Available records START

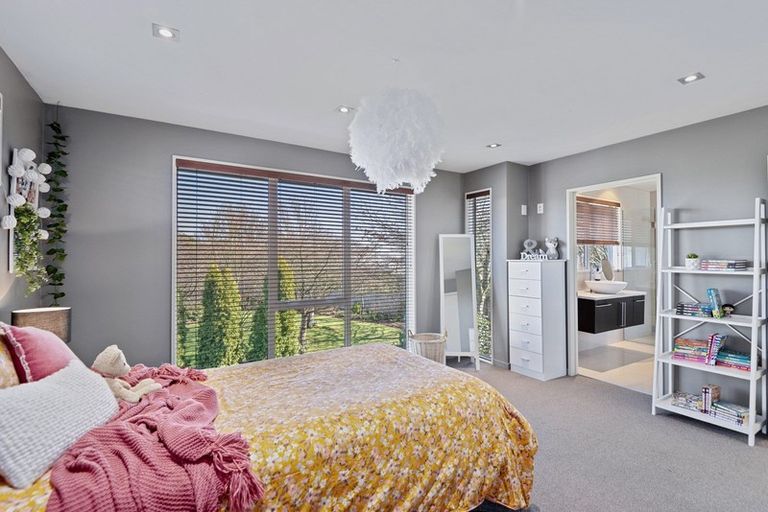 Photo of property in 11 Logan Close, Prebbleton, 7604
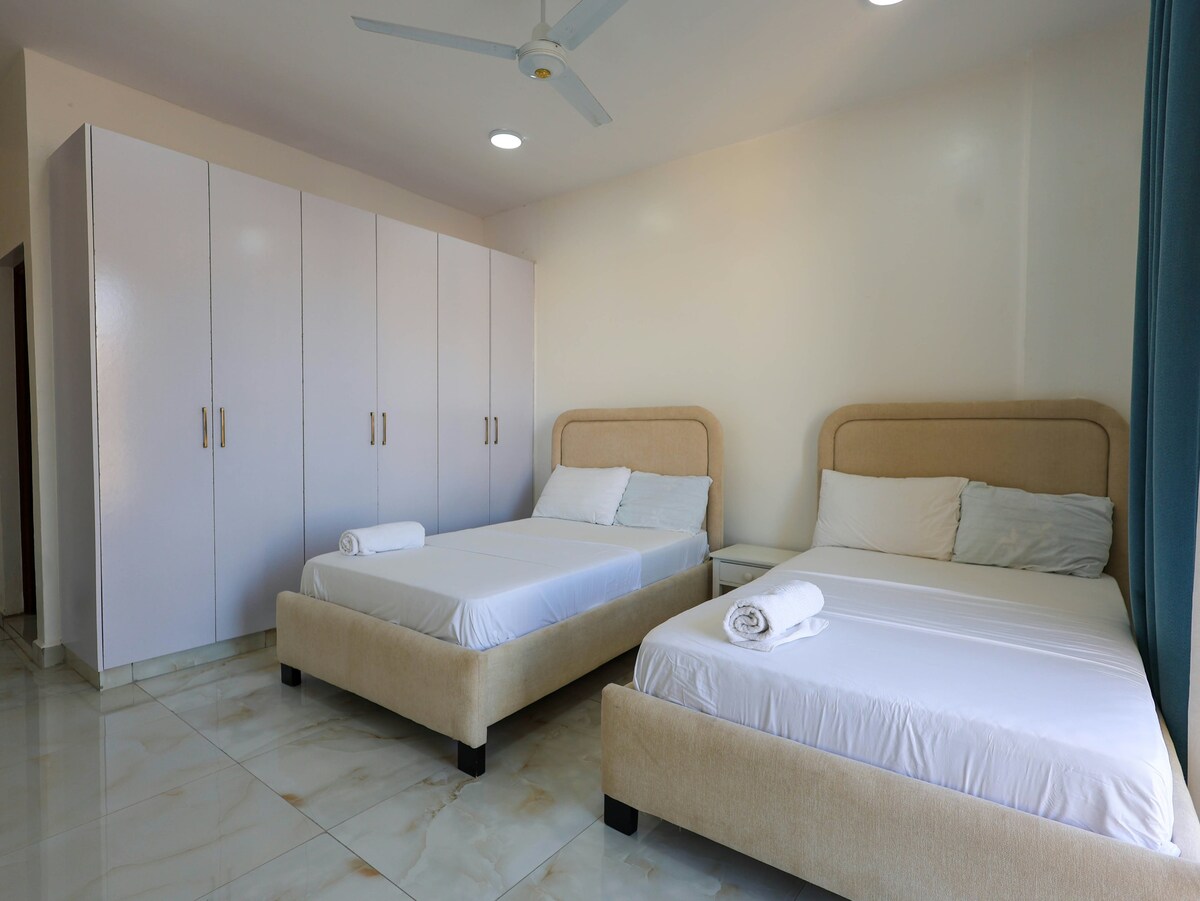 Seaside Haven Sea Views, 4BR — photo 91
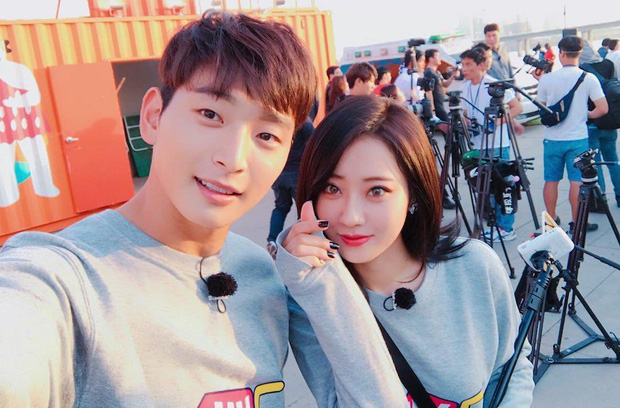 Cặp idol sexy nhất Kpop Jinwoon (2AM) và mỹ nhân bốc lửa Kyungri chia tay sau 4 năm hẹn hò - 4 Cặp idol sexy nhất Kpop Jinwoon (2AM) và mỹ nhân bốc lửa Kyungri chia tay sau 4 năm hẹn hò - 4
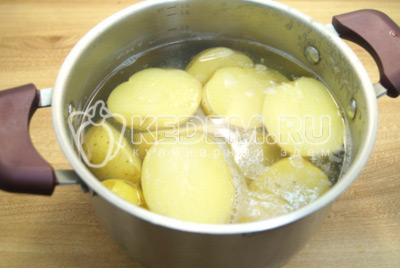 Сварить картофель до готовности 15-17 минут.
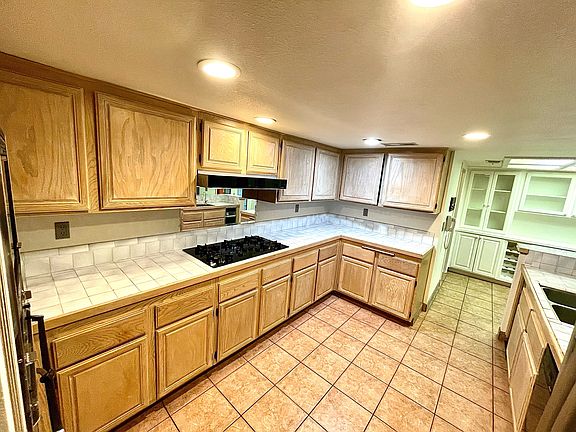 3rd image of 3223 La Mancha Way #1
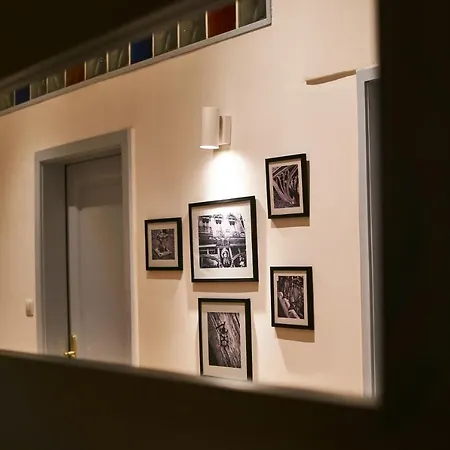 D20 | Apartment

Available records END

» Exercise objective: Return every record exactly, leaving out the pictures.

» Written response:
 Photo of property in 11 Logan Close, Prebbleton, 7604
 Seaside Haven Sea Views, 4BR — photo 91
 Cặp idol sexy nhất Kpop Jinwoon (2AM) và mỹ nhân bốc lửa Kyungri chia tay sau 4 năm hẹn hò - 4 Cặp idol sexy nhất Kpop Jinwoon (2AM) và mỹ nhân bốc lửa Kyungri chia tay sau 4 năm hẹn hò - 4
 Сварить картофель до готовности 15-17 минут.
 3rd image of 3223 La Mancha Way #1
 D20 | Apartment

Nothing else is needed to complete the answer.